We have verified that we can can solve ARC tasks by generating python code. Let's try to understand the dynamics of this new training and optimize the hyperparameters.

Motivation

Solving tasks with code works, but can I optimize and improve the accuracy of the model?

Development

Results

How does the training steps affect the accuracy?

training steps

We don't see a clear relation between the training steps and model accuracy for this version of omni-arc.

Is it helpful to learn to do other tasks?

The mean pass_n of the experiments that only learn one task is 3.1%, while the experiments that learn multiple tasks is 4.1%. So clearly in this experiment learning multiple tasks is beneficial.

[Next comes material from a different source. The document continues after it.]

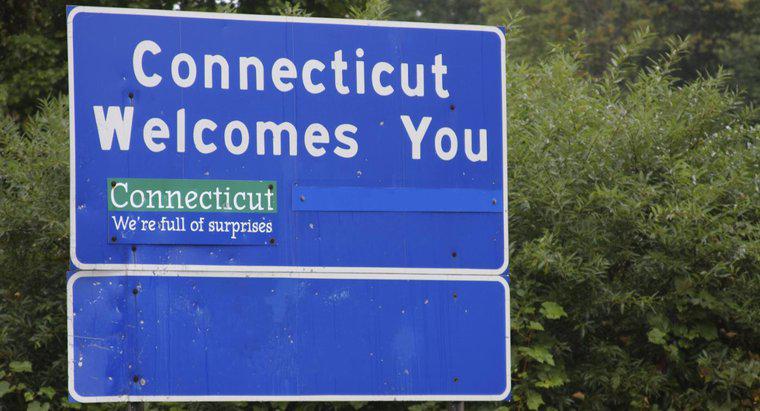 Ai là người sáng lập Connecticut?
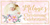 Marble Pink and Gold Baptism Custom Banner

Is it helpful to use a temperature different than 0?

There is great uncertainty in the results, so the best way to study the tendency is to compute the mean value for all the experiments.

temperature effect

The improvement is not huge, but we get better results on average when using a temperature of 0.7

Is there any difference between prompts?

prompt_version	experiment 1 pass_n	experiment 2 pass_n
0	0.035	0.0475
1	0.0425	0.0425
2	0.0325	0.0425

There isn't a clear winner.

What if I train on omni-arc just to create the output grid?

experiment	pass_n	vote_2	vote_1
code-from-examples	5.00%	5.00%	5.00%
output-from-examples	9.25%	7.50%	6.13%

In the best case we solve 5% of the evaluation tasks with the code approach. If we train on the same data but we predict the grids directly we can get almost double pass_n, but vote_1 is much closer.

So maybe current performance is good for the amount and quality of data we have.

Conclusion

We have not been able to improve over the previous iteration: we only solve 5% of the evaluation tasks.

However we have gained the following learnings:

It is beneficial to train to learn multiple tasks, not just code-from-examples
Using a temperature of 0.7 is beneficial
There isn't a clear relation between training steps and model accuracy
The choose of prompts does not seem to be very relevant

Next steps

Try with bigger models. If test-time fine-tuning is not necessary we might benefit from using bigger or coding models. F.e.
- https://huggingface.co/Qwen/Qwen2.5-Coder-1.5B-Instruct
- https://huggingface.co/Qwen/Qwen2.5-Coder-7B-Instruct
Improve the omni-arc dataset:
- Add more tasks to increase coverage
- Add more training inputs to have more variability (can I reuse re-arc for this?)
- Add task variations
- Add task to learn to use the primitives
Does test-time fine-tuning help to generate better code?

TODO

How does the training steps affect the accuracy? -> Run trainings with different training lenght, just using code data
What is the best prompt? Is there any difference?
Is it helpful to learn to do other tasks?
What if I train on omniarc just on the default task?